Advocates try to put heat on carriage companies over temperature, other hot topics


More than 50 people took the streets in downtown Charleston Saturday to advocate for the horses. They say horse carriage tours need to go.

It was a peaceful march. People didn't yell. They just walked silently, carrying signs and a thermometer. Temperatures reached high 80s but it was humid and with the heat index it felt like mid 90s.

Members of Charleston Carriage Horse Advocates say it's not safe, but carriage companies beg to differ.

"It's important to know that the horses and mules are out there right now walking through the same conditions we're going to be walking through. That's really why we're here, to give a voice to the voiceless," said advocate Whit Slagsvol.
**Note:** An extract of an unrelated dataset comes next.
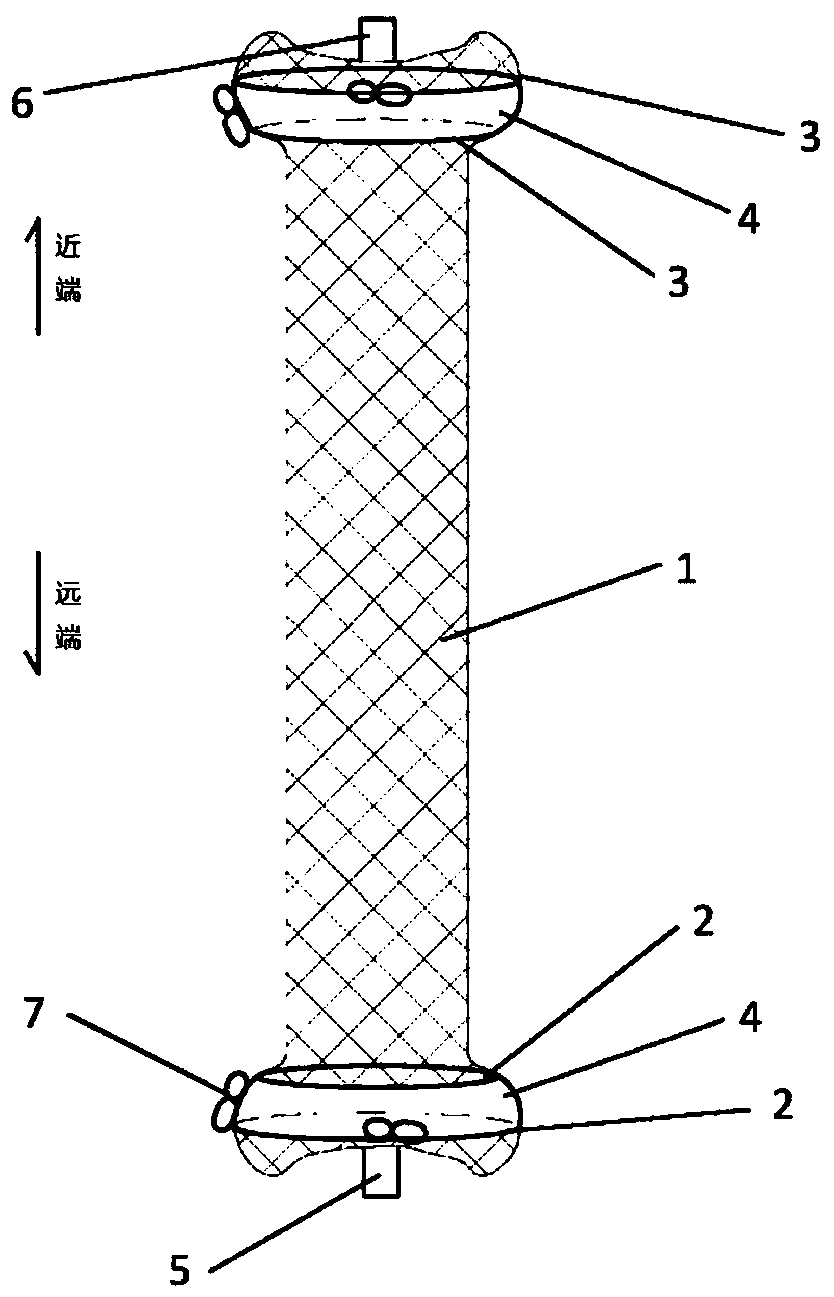 A kind of intravascular false lumen occlusion stent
CCHA members hope battling the heat will bring what they consider to be cooler, new change.

“It made me think about the horses that are pulling these tremendous loads out on days like this and even more extreme days," advocate Liz Fort said.

Fort and Slagsvol both held signs and said "neigh" to carriage tours.

"There's still a thermometer on the 8th story, tucked around the corner in the shade, to determine if it's too hot on any given day. That's just not a fair assessment of the heat conditions that the horses are facing on ground level," Slagsvol said.

But Tommy Doyle, general manager of Palmetto Carriage Works argues the horses are monitored after every tour.

"When people say it's too hot, sometimes it is. I agree, but the best way to know is when you take the animals body temperature, and that is the key component to our animal welfare system," Doyle said.

Doyle says they take the temperature of horses every hour, and they're given 30-45 minute breaks when it's hot.

"Our animals average about five hours a day, five days a week and about 16 weeks off a year," Doyle said.

Fort argues heat is a concern, but it isn't the only hot topic advocated are concerned about.

"It's very unsettling to see so much construction, large vehicles and traffic. ...Then, you have a carriage clopping along in front of seven cars stacked. It’s a concern,” she said.

She fears for the horses and the people on the carriages for tours.

"There are a lot of times when you see small children on the back of the carriage with their legs dangling, no safety restraints or seat belts. God forbid the horse takes off like it did in June in a full gallop through the streets. It’s very dangerous, and I feel like the time is now to make some changes," Fort said.

"Horses and carriages in the city -- sometimes accidents are going to happen. But, I would say that it's safer to ride a carriage in Charleston than to walk on the city streets," Doyle said.

Doyle said the carriage tour companies have nothing to hide.

"Charleston has the most comprehensive animal welfare system in the country, and it's 100 percent effective. All of our barns are open to the public, and anybody can come take a look for themselves,” Doyle said.

Fort and other advocates say they want more proof.

"I want everyone to come together and agree to a third party scientific review and let the results speak for themselves," Fort said.

Doyle did respond by saying he would not be interested in a 3rd party review. He says he isn't interested in working with the animal rights advocacy group.